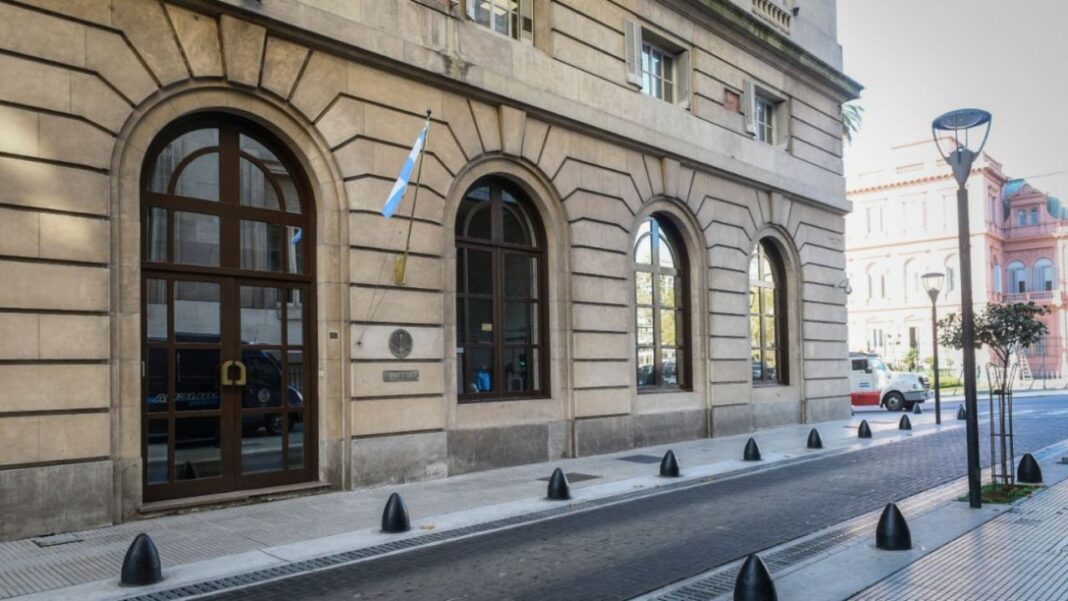 Presentan amparos contra el DNU que reformó la Ley de Inteligencia y amplió facultades de la SIDE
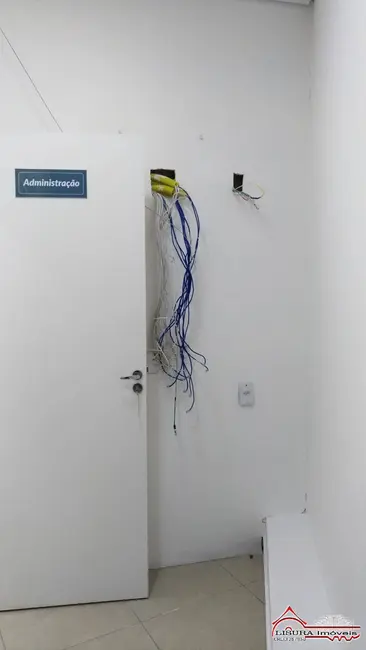 Foto 9 de Sala Comercial à venda, 121m2 em Centro, Jacarei - SP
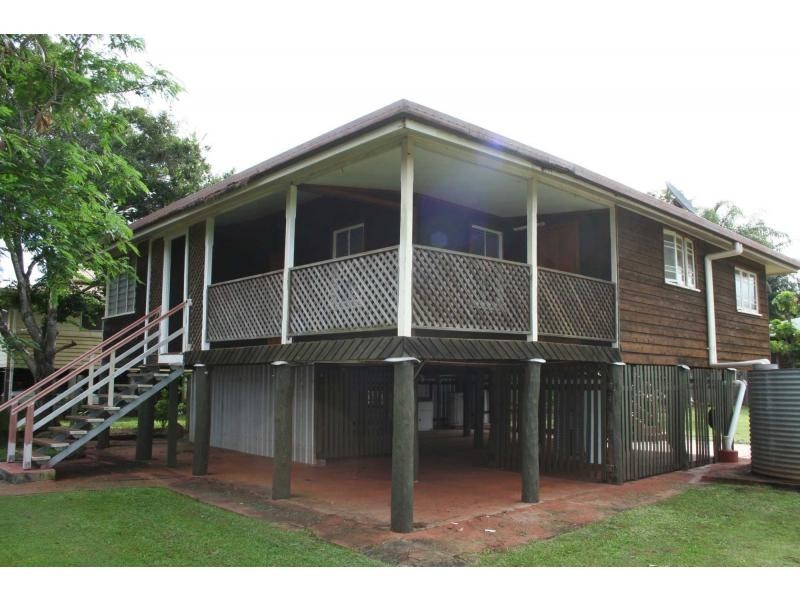 6 Noel Street, Childers QLD 4660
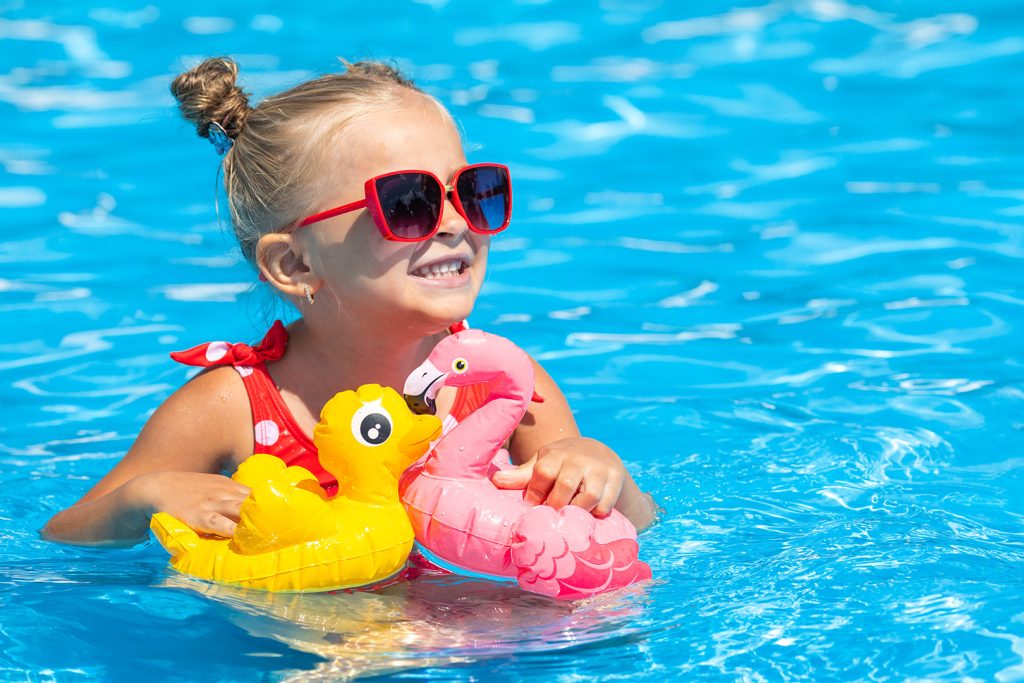 05-bright-valley-holiday-park-swimming-pools Bright Porepunkah Holiday Park, Porepunkah, BIG 4, Swimming Pools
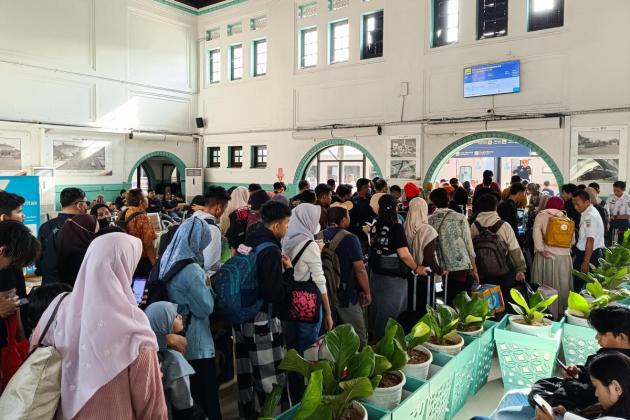 PT KAI Siapkan 5 Kereta Tambahan Selama Libur Panjang Waisak 2025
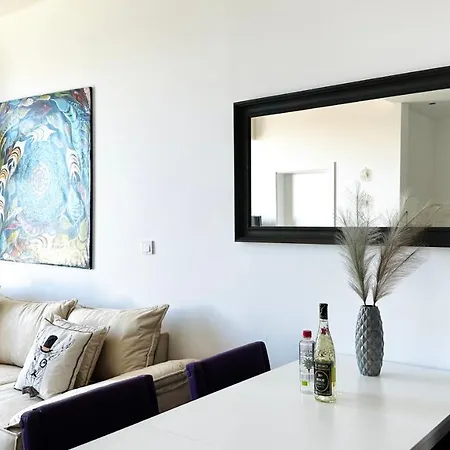 Apartello Modern - Garden Of Eden Apartment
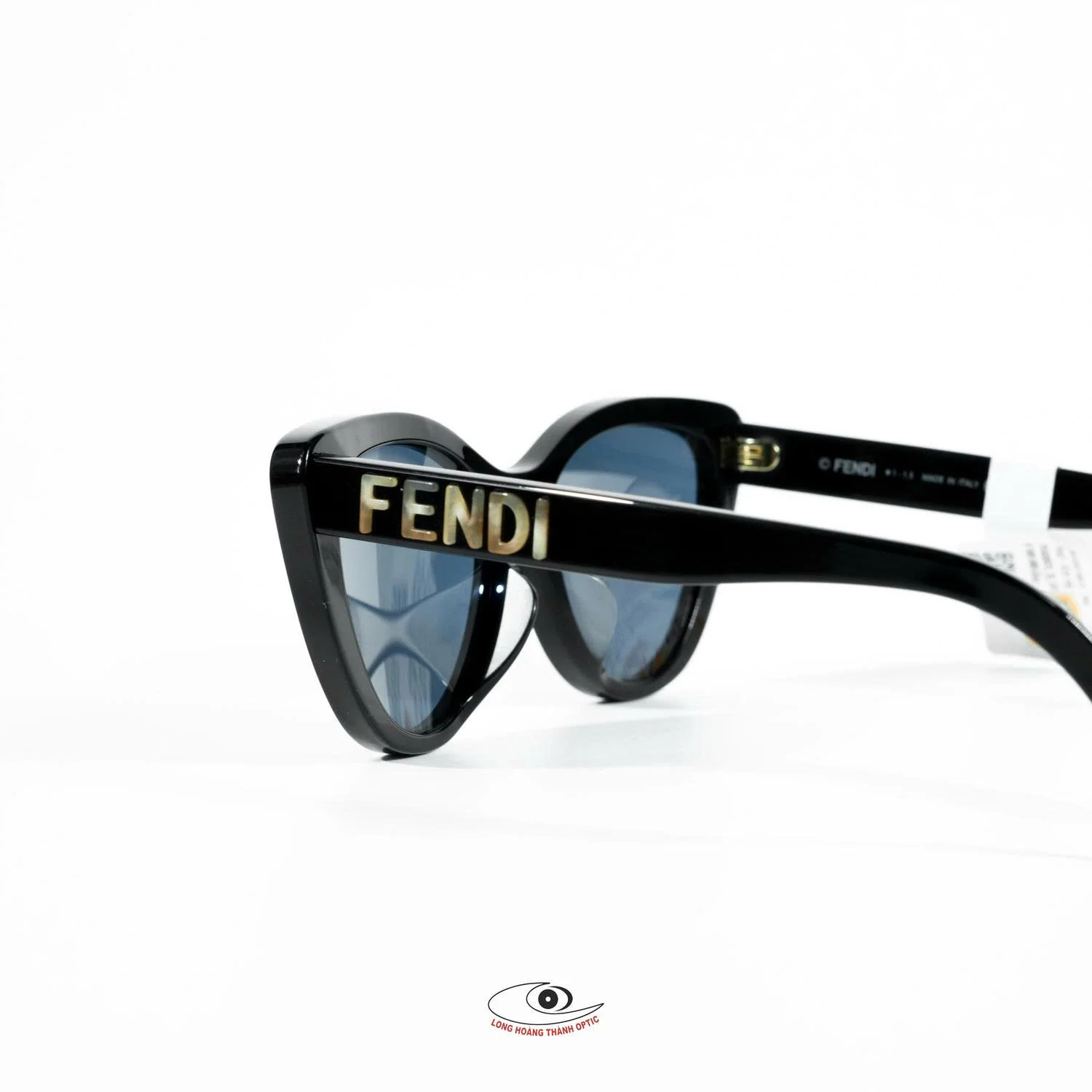 Bảng giá Kính mát nữ Fendi FE40087U_55_01V tại Huế, Đà Nẵng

■ Exercise prompt:
Skip the pictures and print exactly the lines from the one containing "PT KAI Siapkan" through the end of the records above.

■ Result for this task:
 PT KAI Siapkan 5 Kereta Tambahan Selama Libur Panjang Waisak 2025
 Apartello Modern - Garden Of Eden Apartment
 Bảng giá Kính mát nữ Fendi FE40087U_55_01V tại Huế, Đà Nẵng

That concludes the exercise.